Previously we have shown that feeding rats an iron enriched diet or an iron deficient diet alters expression of DMT1 in PT [11]. Dietary loading of iron was found to cause a decrease in PT DMT1 expression, whereas dietary iron restriction caused an increase in DMT1 expression. In PT cells DMT1 is expressed in the membranes of late endosomes and lysosomes [11]. Extracellular addition of transferrin to the apical membrane results in uptake of transferrin, followed by trafficking of transferrin to late endosomes and lysosomes where it colocalizes with DMT1 [11, 12]. We suggest that this mechanism represents the entry route of transferrin bound iron taken up from the urine, possible in the first instance by transferrin receptor 1 and or cubilin expressed in the apical brush border [19, 20]. DMT1 then transports the iron into the PT cell across the late endosomal and lysosomal membranes. From our data detailing the expression of FPN1 in PT cells we can speculate that iron may then transit to the BLM and be exported back into the circulation via FPN1.

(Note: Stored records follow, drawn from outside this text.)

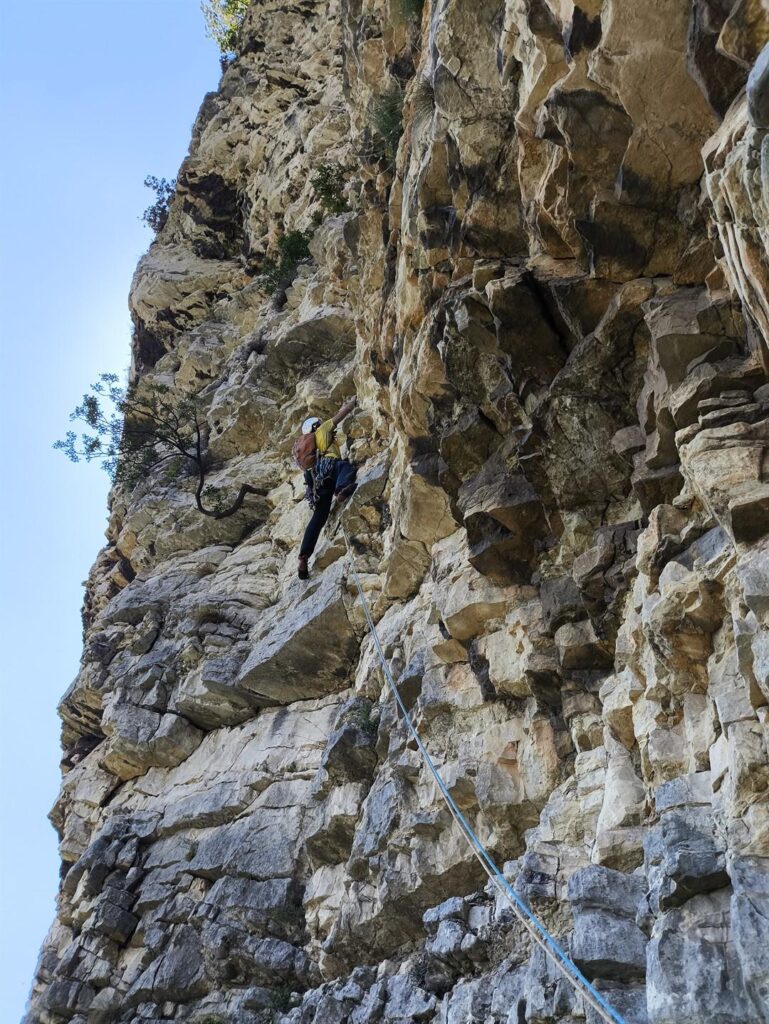 Paolino nella parte iniziale del secondo tiro, dopo aver raggiunto il primo spit molto alto Paolino nella parte iniziale del secondo tiro, dopo aver raggiunto il primo spit molto alto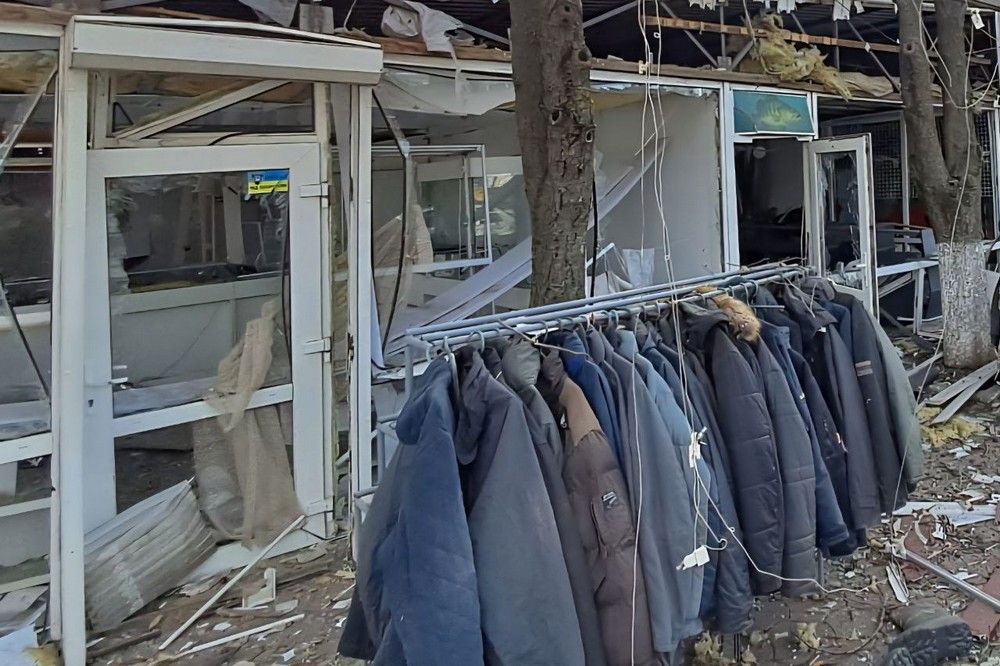 У Нікополі 4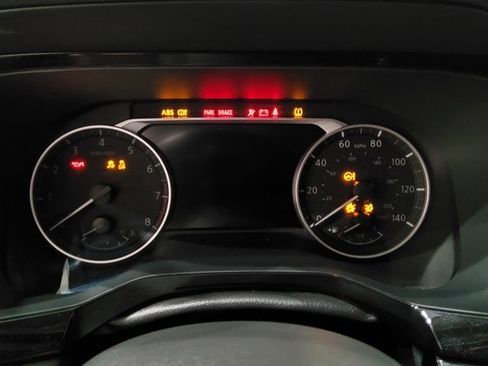 Used 2024 Nissan Pathfinder SV image 17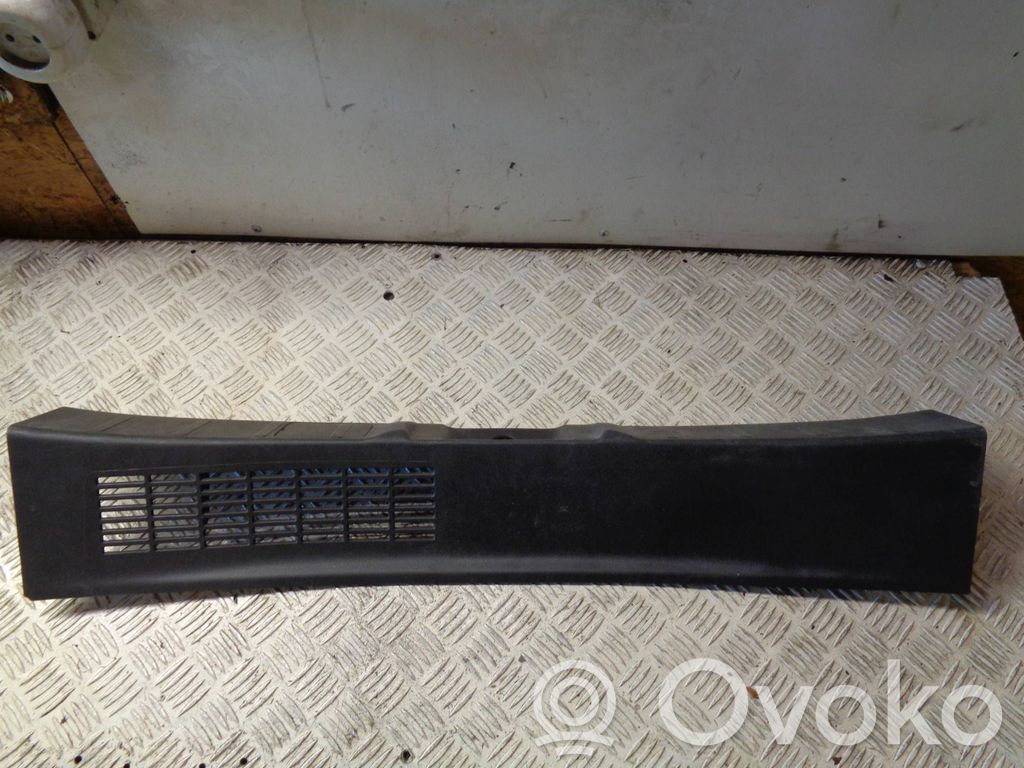 Mitsubishi Outlander Protector del borde del maletero/compartimento de carga 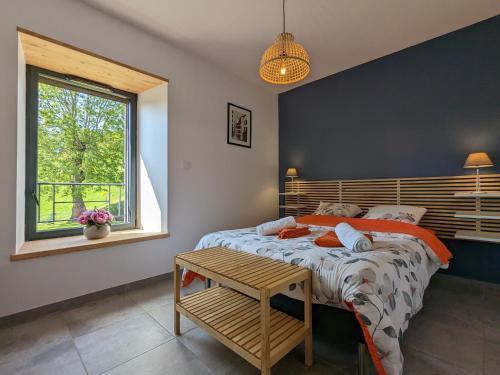 Schlafzimmer mit einem Bett und einem Fenster in der Unterkunft Gîte Saint-Préjet-d'Allier, 5 pièces, 8 personnes - FR-1-582-59 in Saint-Préjet-dʼAllier
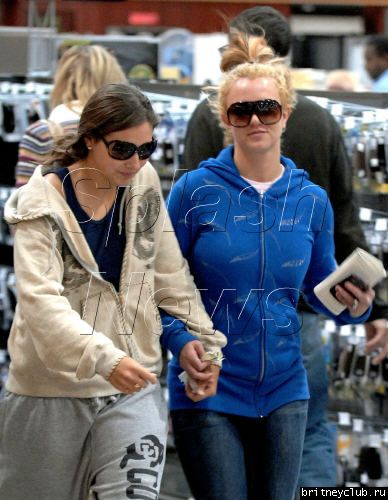 Бритни направляется в магазин Ritz-Carlton в Лас Вегасе (11 ноября 2007)britney-vegas01.jpg(Бритни Спирс, Britney Spears)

In conclusion we have developed an affinity purified antisera that specifically recognizes rat FPN1. In rat kidney PT FPN1 is expressed on the BLM of S1, S2 and S3 segments. Under conditions of increased cellular iron, intracellularly expressed FPN1 traffics to the plasma membrane. We suggest that these data indicate that iron is vectorially transported across PT cells in urine to blood direction and this may represent a hitherto undescribed mechanism for salvaging iron filtered by the glomerulus.